1. Who doesn’t love returning to an attractive home? A parking space surrounded by weeds or concrete isn’t welcoming at all – you deserve a leafy, warm welcome home after a hard day at work.

2. Bees, birds, butterflies, and hedgehogs – there’s all manner of wildlife struggling to survive in our urban spaces. Give your local fauna a hand with some sweet nectar-filled plants, evergreen winter shelter, and a bowl of life-saving water.

3. Front gardens add value – it’s said that buyers make up their minds on a property within a few seconds.
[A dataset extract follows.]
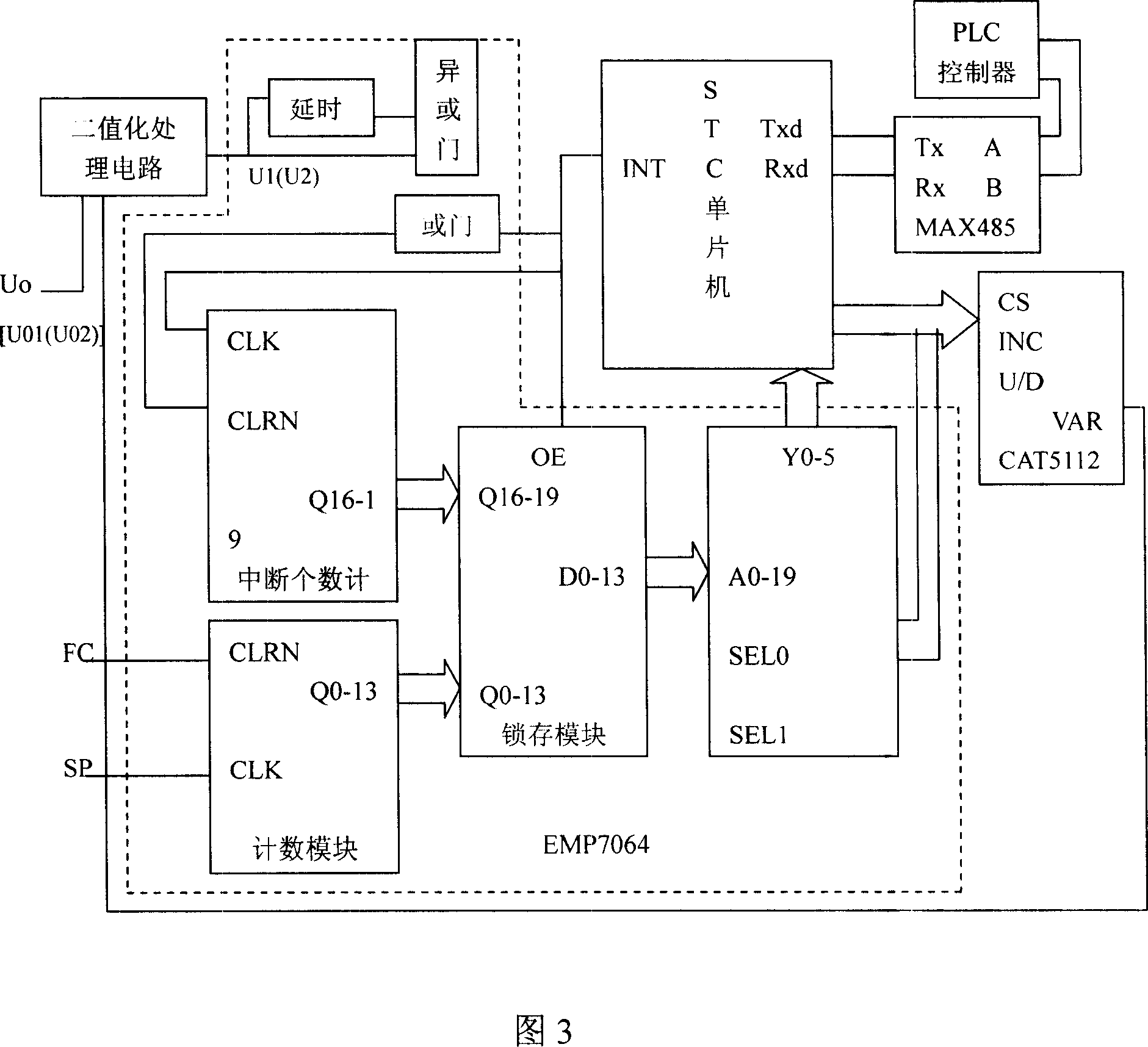 CCD based strip automatic centering CPC detecting system and detecting method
Make those seconds count with a ‘wow’ factor as they approach your home.

4. Do you know your neighbours? Spending time in the front garden means you’ll see them more often and have a readymade ‘front garden’ subject to discuss. This is true of everyone walking past because people love to comment on greenery and flowers.

So now we’ve persuaded you that front gardens matter, here are some front garden ideas to get your imagination jump-started.

Hydrangea Paniculata Limelight in Holland Park

Hydrangea Paniculata Limelight in Full Bloom

Front Garden Ideas

Hot or Cool? When you’re designing a garden, you can’t go wrong building a structure of evergreens and adding colour that suits the conditions. Good evergreens for a front garden include holly, pyracantha, choisya, camellia, and skimmia japonica.

If its shady add some ferns, luscious bamboo, heuchera and hosta to green up your home. If it’s hot then lavender, ceanothus, rock roses, and any woody herbs are a great choice. Whatever the conditions topiary is always a good bet. It’s modern, stylish and looks good planted up with a blast of colour from spring-flowering bulbs.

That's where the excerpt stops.